**PROBLEM TO SOLVE:**
Beginning at the line containing "File:Spodiopsar cineraceus distribution.png", repeat each line below exactly up to and including the line containing "Trechispora image". Do not repeat the pictures.

**EXERCISE INPUT:**
-- Opening Marker --
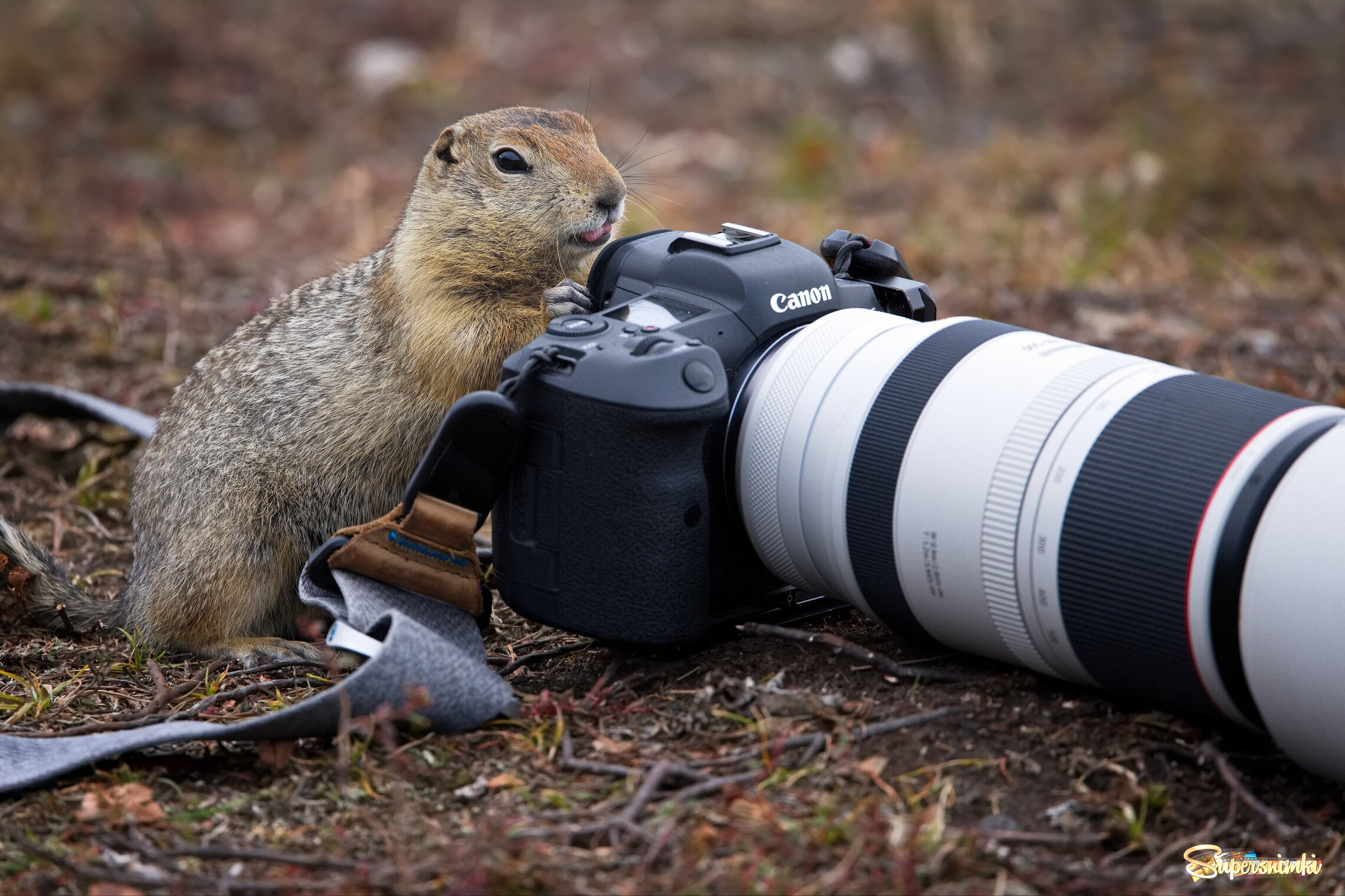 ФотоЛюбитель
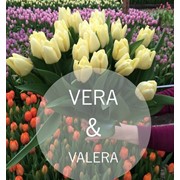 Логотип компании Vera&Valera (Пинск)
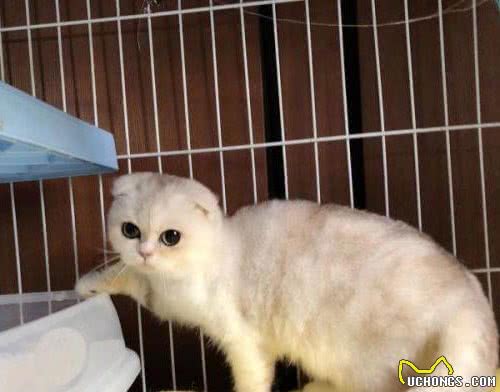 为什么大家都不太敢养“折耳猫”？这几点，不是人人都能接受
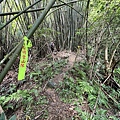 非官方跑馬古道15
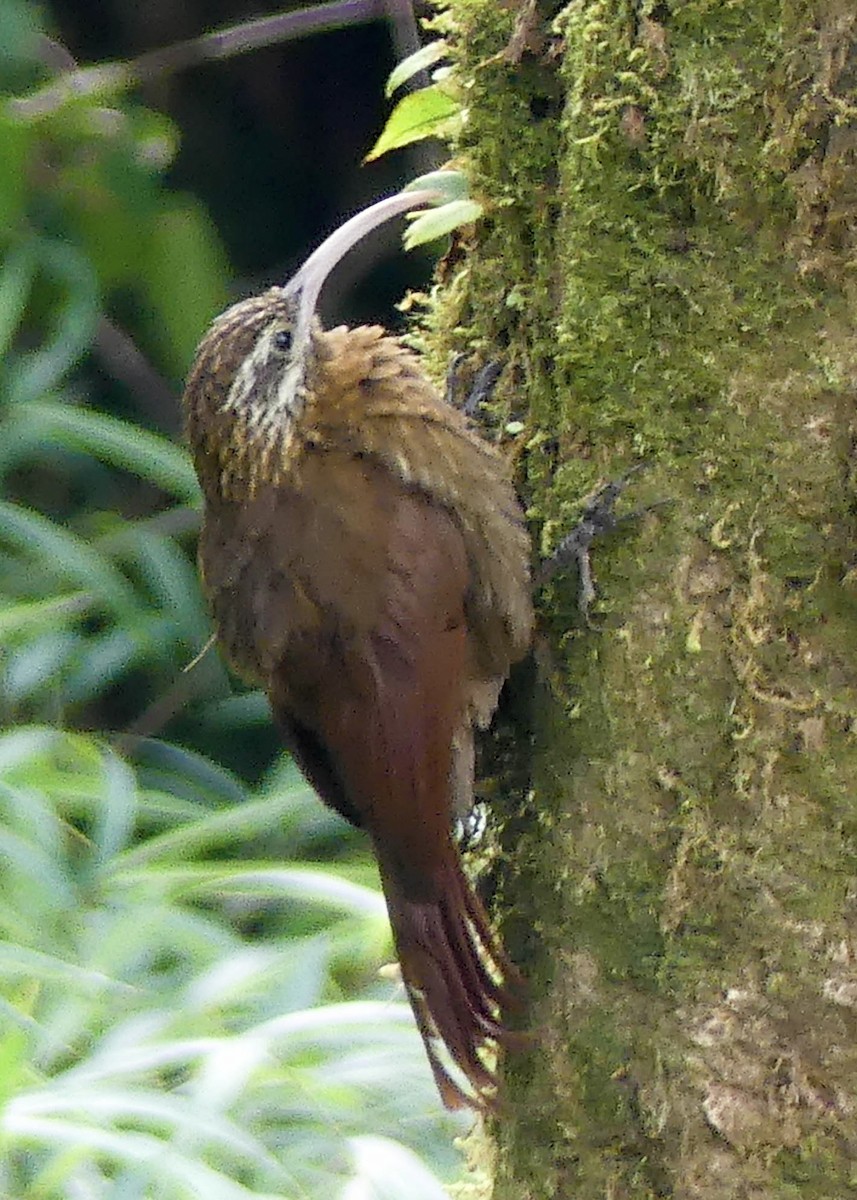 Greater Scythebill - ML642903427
-- Closing Marker --
-- Opening Marker --
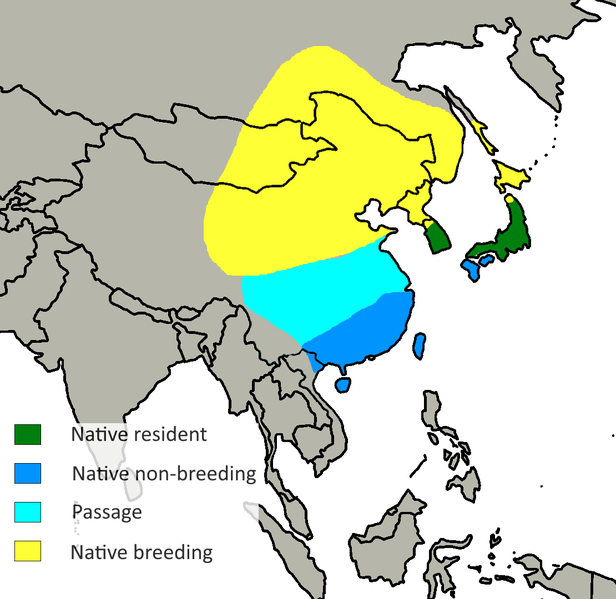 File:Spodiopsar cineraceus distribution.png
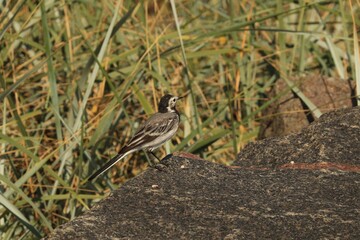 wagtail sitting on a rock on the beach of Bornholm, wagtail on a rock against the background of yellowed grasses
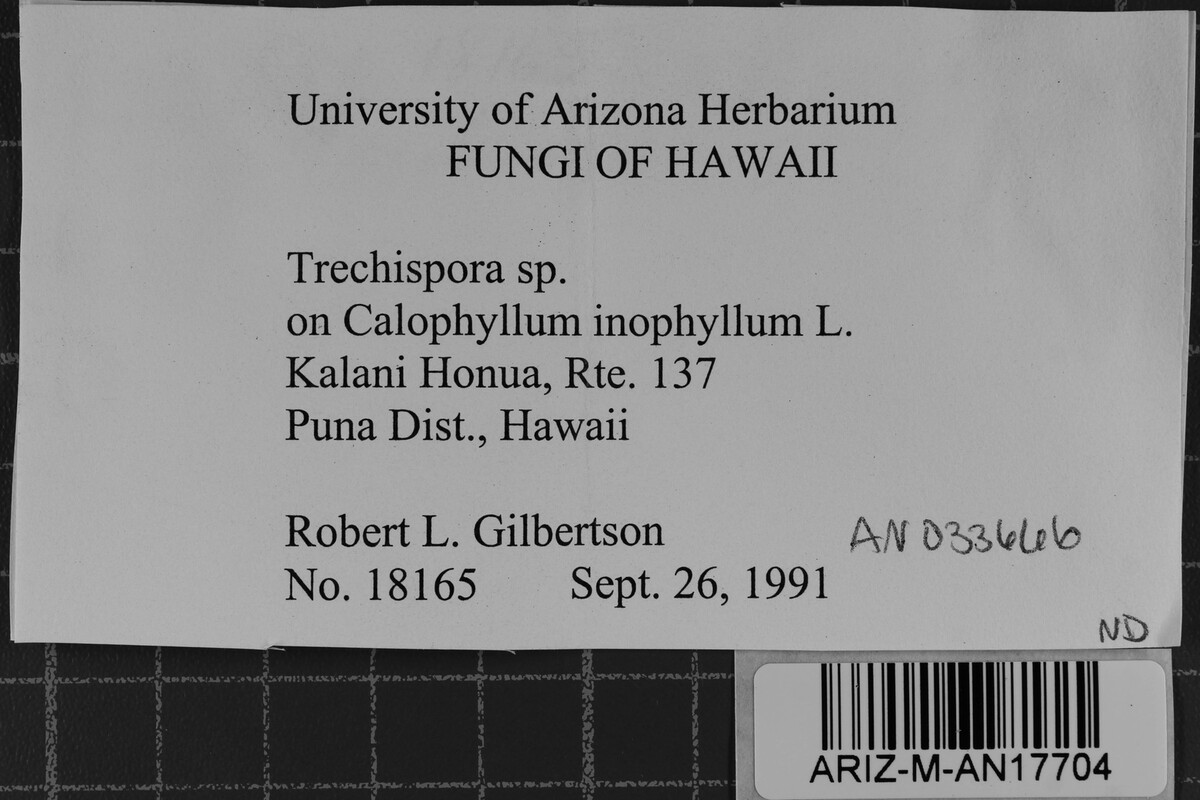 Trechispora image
-- Closing Marker --
**RESULT BELOW:**
 File:Spodiopsar cineraceus distribution.png
 wagtail sitting on a rock on the beach of Bornholm, wagtail on a rock against the background of yellowed grasses
 Trechispora image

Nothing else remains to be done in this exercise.